Second is the conversation America's president should be having with the Iranian people. We should seize the chance to tell some of the region's most pro-American people how their own president has isolated them, denying their great culture its place in the world and the region a constructive dialogue.

There's a reason the late Tom Lantos, Congress's only Holocaust survivor and a formidable diplomat, applied for a visa to enter Iran every year for the last decade of his life. What better way to puncture the petty lies of a demagogue than to force him to confront a man who has lived the very history he denies and trivializes?

Some have asserted that meeting with Iran's leaders would legitimize Ahmadinejad, who is neither Iran's supreme leader nor someone whom Obama specifically promised to meet. Curiously, many critics then hype Ahmadinejad as a threat of historic proportions, thereby granting the stature they seek to deny. Iranian elections in mid-2009 could yield a less objectionable president; engaging Iran makes that more likely.

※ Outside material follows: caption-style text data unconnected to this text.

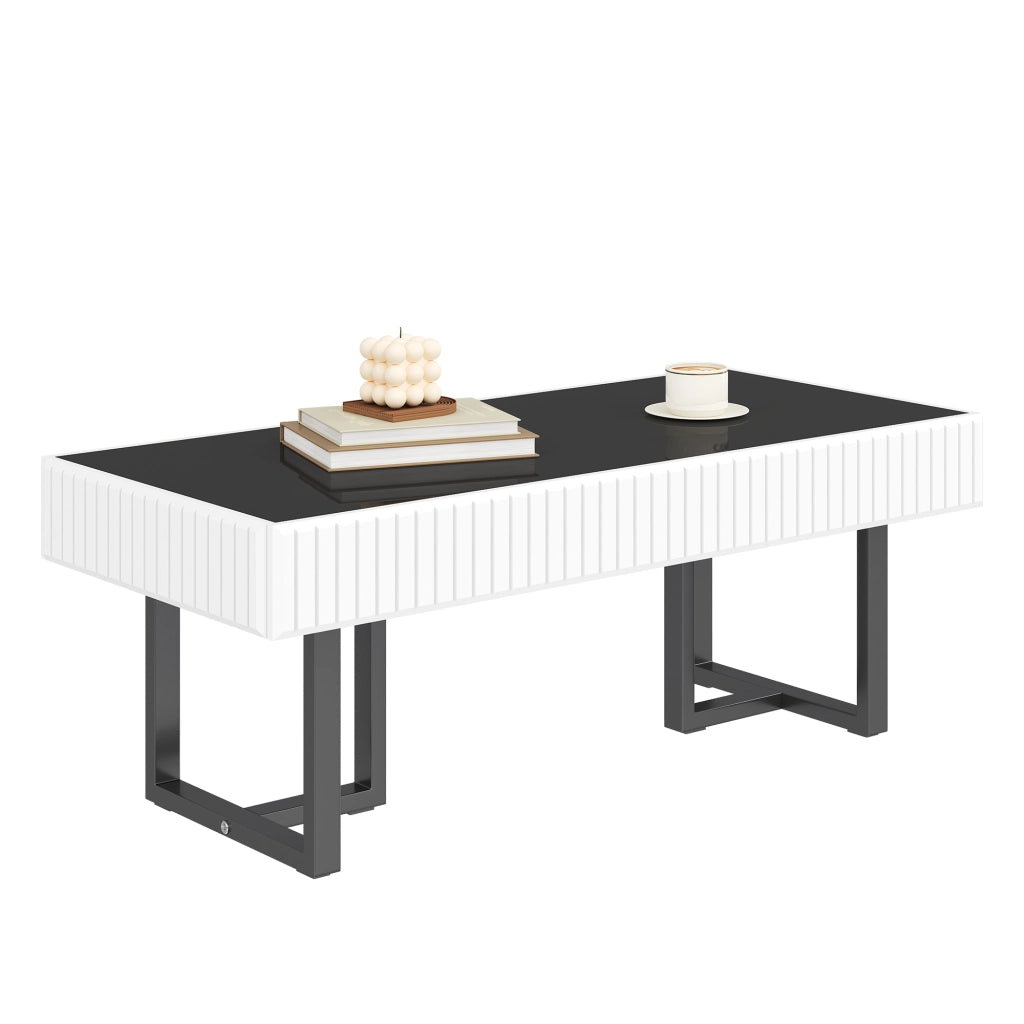 Tavolino da Caffè con Struttura in Ferro; Piano Nero Lucido Parziale; Stile Moderno; in MDF e Truciolare; Nero Bianco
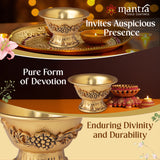 MANTRA MUKTI Chandhan Cup with Embossed Design | Solid Brass Bowl For Pooja (24K Gold Coated With 1-Year Warranty For Plating) | Brass Katori For Puja | Pasupu Kumkum Bowl (2” Height)
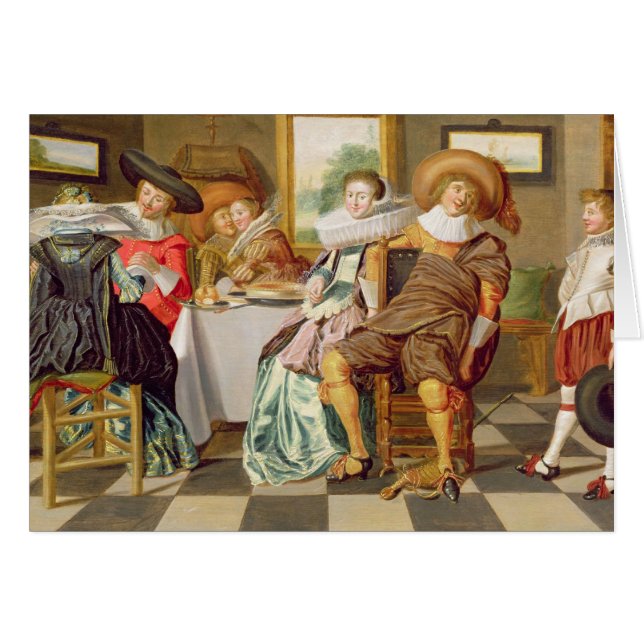 Elegant Figures Feasting at a Table (Front Horizontal)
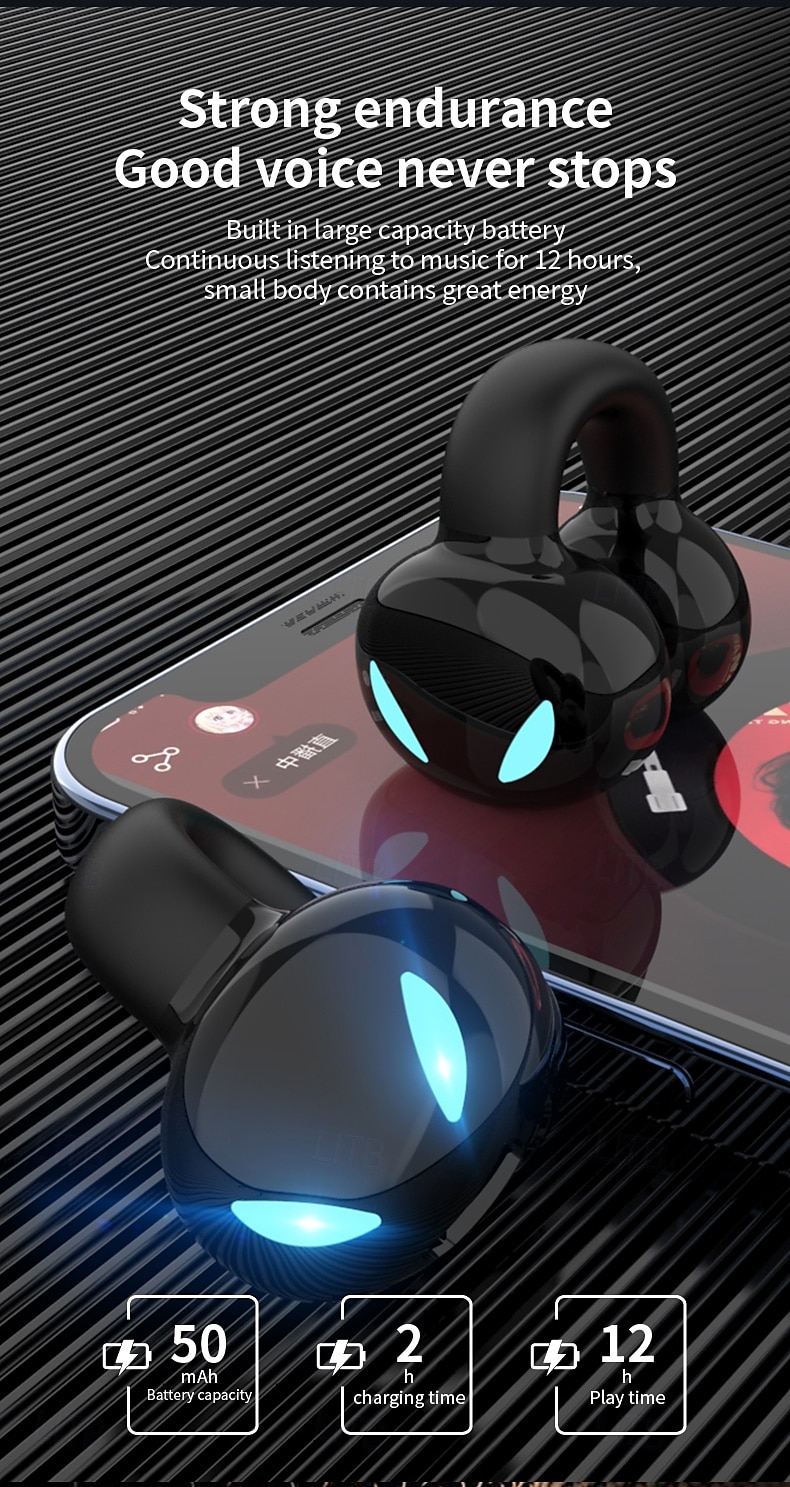 2025年 オープンイヤーワイヤレスBluetoothヘッドセット – イヤークリップデザイン、軽量で快適なフィット感、Bluetooth 5.3 ドライビング、スポーツ、日常使用に最適  コレクション – $20.99 –P6
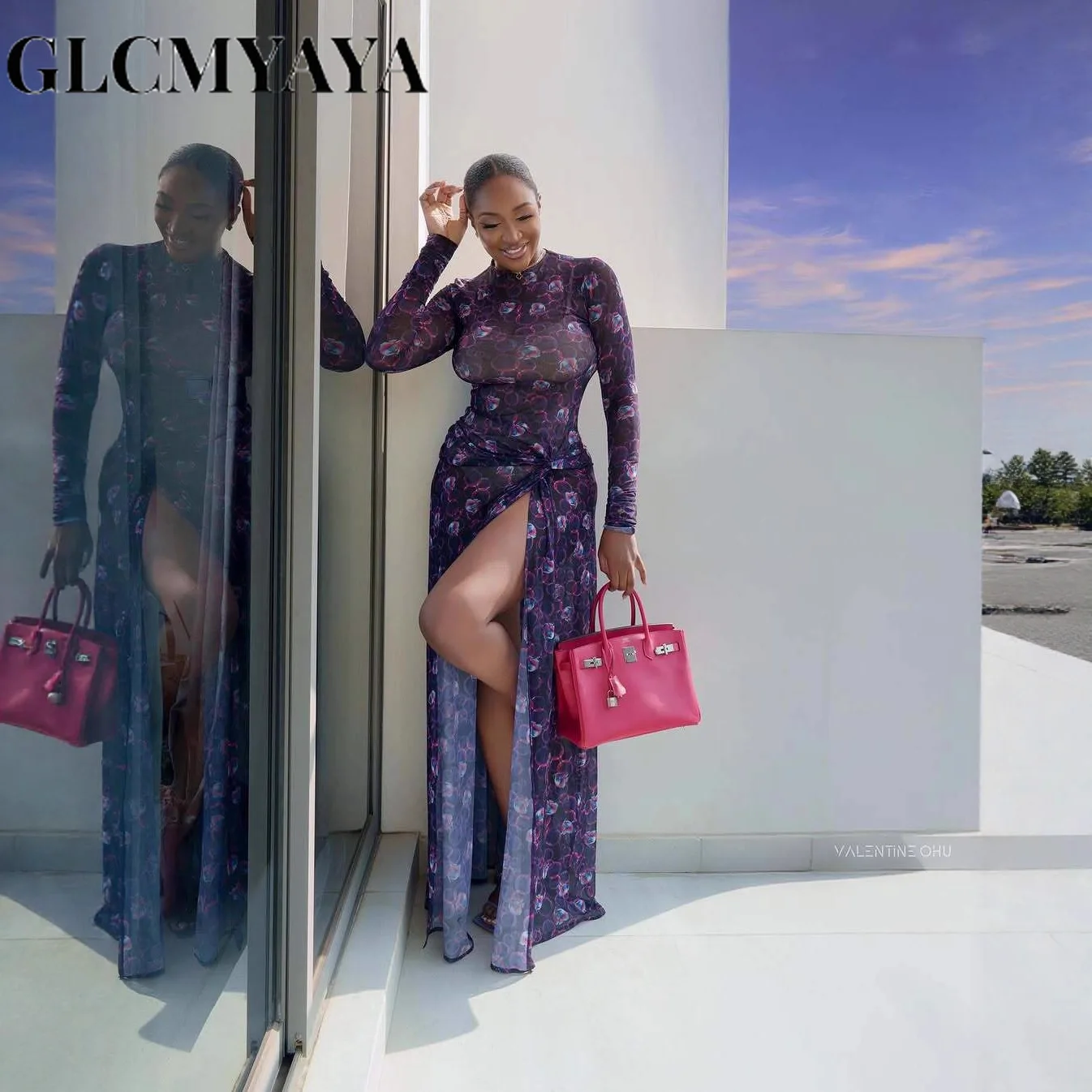 GLCMYAYA Women O-Neck Long Sleeve Print Split Maxi Long Dress 2025 Fall Autumn Evening Party Vacation Birthday Dresses Vestidos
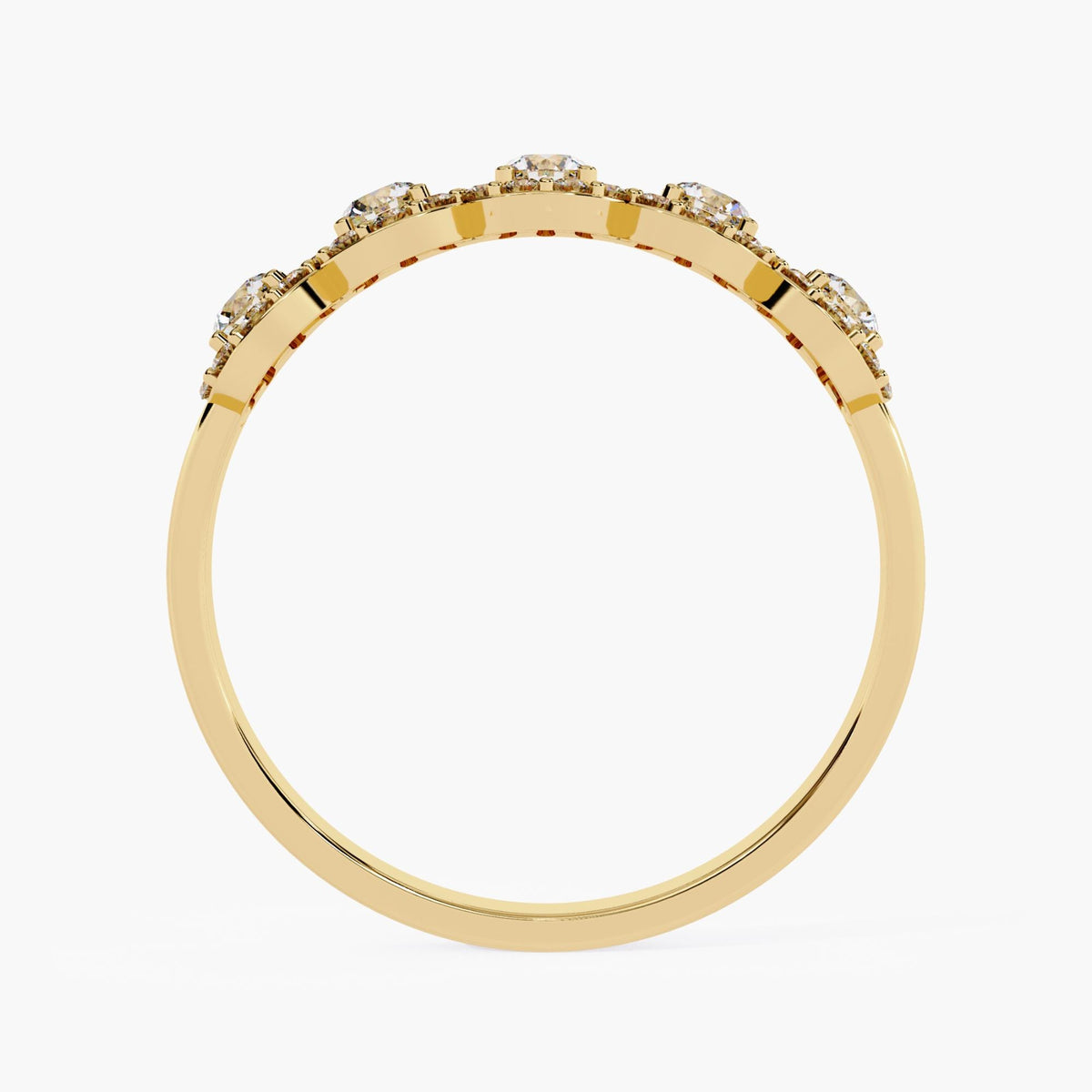 Top-down view of a 14k yellow gold band showing the structured base of five evenly spaced raised settings. The half-eternity design is visible in the polished curve of the band, offering a sturdy yet refined silhouette for daily wear or bridal styling.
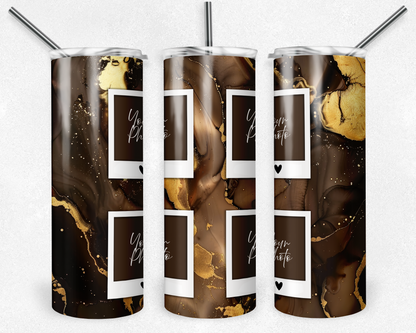 Customised Tumbler  - Your PHOTO's - 20oz Stainless steel, skinny, double walled with straw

The third conversation is with the world. By engaging Iran, we reclaim the moral high ground -- no small feat. If Iran refuses to budge, we have new leverage to expose it as a threat whose bad intentions cannot be explained away.

Those who say they take no option off the table should not put America in a straitjacket by denouncing diplomacy.

As Iran's centrifuges churn out enriched uranium, we're asking the wrong question. Instead of wondering why Barack Obama wants to talk with Iran, we should ask: "What are George Bush and John McCain waiting for?"

The writer is a Democratic senator from Massachusetts.